La petite route qui longe la forêt

mardi 15 septembre 2020, par Frannette Gotier

La petite route qui longe la forêt

Cela fait plus de dix ans maintenant que la route forestière a été fermée. Elle faisait mon bonheur toutes les fins d’après-midi quand je rentrais chez moi. Je roulais doucement, quelquefois je m’arrêtais pour profiter de la présence des arbres, des oiseaux et j’étais ravie quand je pouvais voir un lapin et plus encore quand je surprenais un chevreuil.
Depuis j’emprunte la petite route qui longe la forêt chaque fois que je reviens de la ville.
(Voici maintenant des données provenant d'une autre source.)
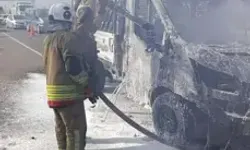 Seyir Halindeki Kamyonet Yandı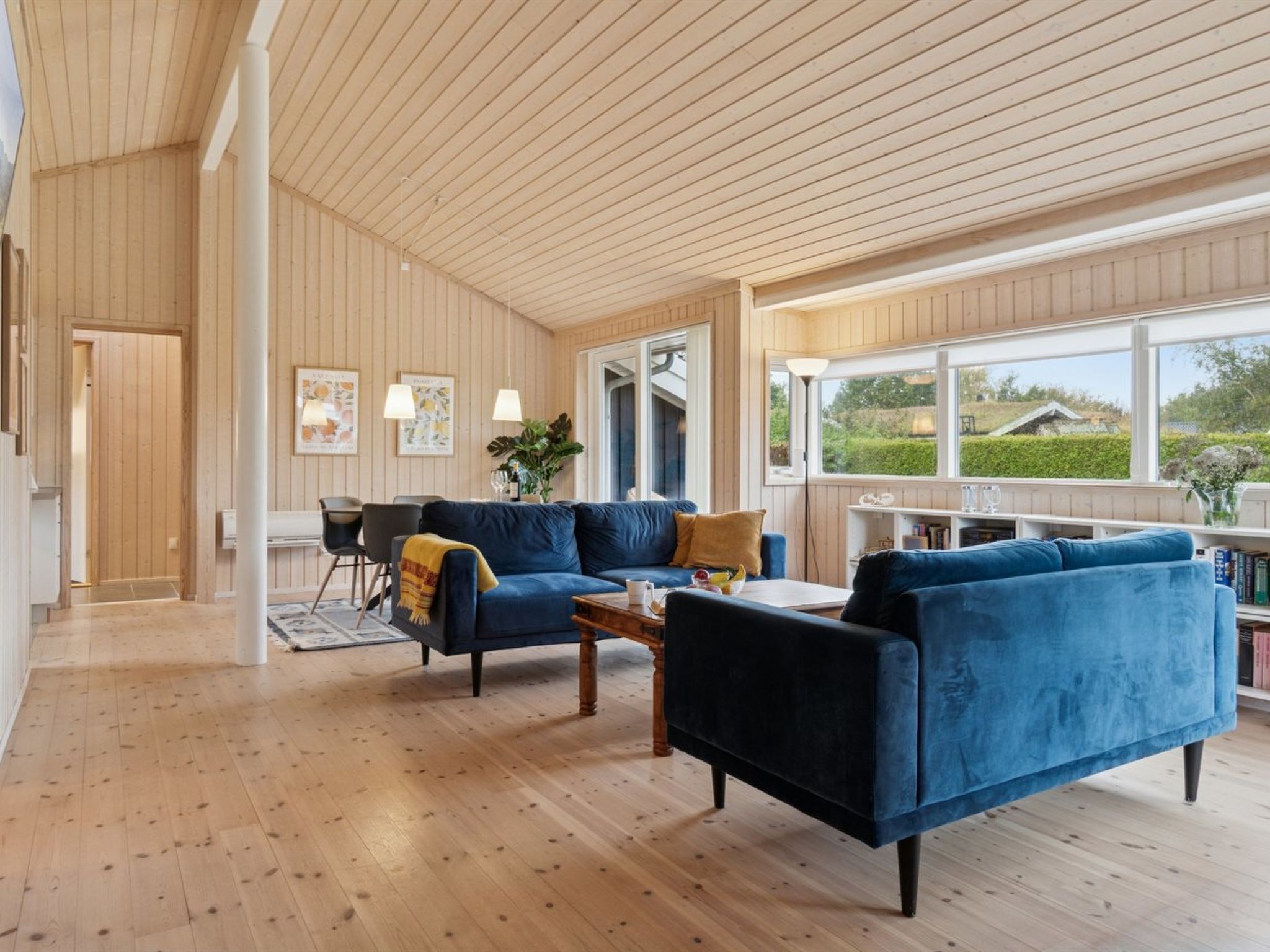 "Hawarth" - 275m from the sea-Binnen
Au fil des années, j’ai vu le paysage se transformer, les maisons changer. Les vaches ont progressivement été moins nombreuses et ont disparu de certains prés. Ceux-ci sont devenus des champs et le chien de berger n’est plus dans la ferme. Les maisons ont été à vendre puis vendues. Pour la plupart je ne connais pas les propriétaires, pour d’autres je les aperçois de temps en temps s’affairer dans leur jardin : La vieille dame de la longère cultive de jolies fleurs ; il y a toujours du linge qui sèche devant la baie vitrée de la maison au toit plat et le téléviseur est souvent allumé. J’ai vu pousser la haie d’une des maisons neuves à l’orée de la forêt. J’ai assisté à la reconstruction d’une autre.
Sur un des poteaux téléphoniques, toujours au même endroit, une buse attend de trouver une proie. Quand je passe elle ne bouge pas sans doute habituée et indifférente au bruit des véhicules. Au coin d’une intersection se dresse un sapin, il a un air gai et drôle avec sa tête penchée sur le côté comme le chapeau pointu d’un lutin.

Au fil des saisons je retrouve les digitales aux jolies clochettes fuchsia, les graminées pourpres qui bordent l’asphalte, les pommiers en fleur ou croulant sous de petites pommes à cidre. Les fougères se dressent en crosses, puis elles se déploient deviennent brunes et finissent par disparaître avec l’arrivée de l’hiver. Je regarde pousser les champs de maïs, de blé, les arbres dénudés se parer de vert. Ce vert qui évolue et un jour ternit. Ensuite les feuilles se prennent pour des papillons et s’envolent ; elles courent comme de petits animaux effrayés sur la route, éparpillées par le vent pour se perdre dans les fossés. A l’automne toujours au même endroit les châtaignes craquent sous les roues de la voiture. Là encore il m’arrive bien volontiers de devoir laisser le passage à un troupeau de vaches qui traversent pour aller d’un pré à un autre. Ainsi je peux les observer : petites, grandes, plus ou moins tachetées, calmes ou pressées. Certaines s’arrêtent pour me regarder et d’autres passent indifférentes.
Quelquefois, je me gare pour contempler un renard au loin, un héron tout gris, un petit lapin affolé qui court sur la route. Je guette l’arrivée des hirondelles, des vanneaux huppés, des oies sur un petit étang.
Je traverse sur quelques mètres seulement une partie de la forêt. Là aussi je vois des changements : un arbre penché qui finit par tomber, les houx qui se parent de boules rouges, les feuilles qui recouvrent les sous-bois de couleurs lumineuses. Au sortir de la forêt, j’admire une maison nichée au milieu de la végétation et j’envie les propriétaires. J’aurais aimer habiter juste à côté des arbres, avoir leur présence toute proche en prolongement du jardin.

Ainsi va la vie sur la petite route qui longe la forêt.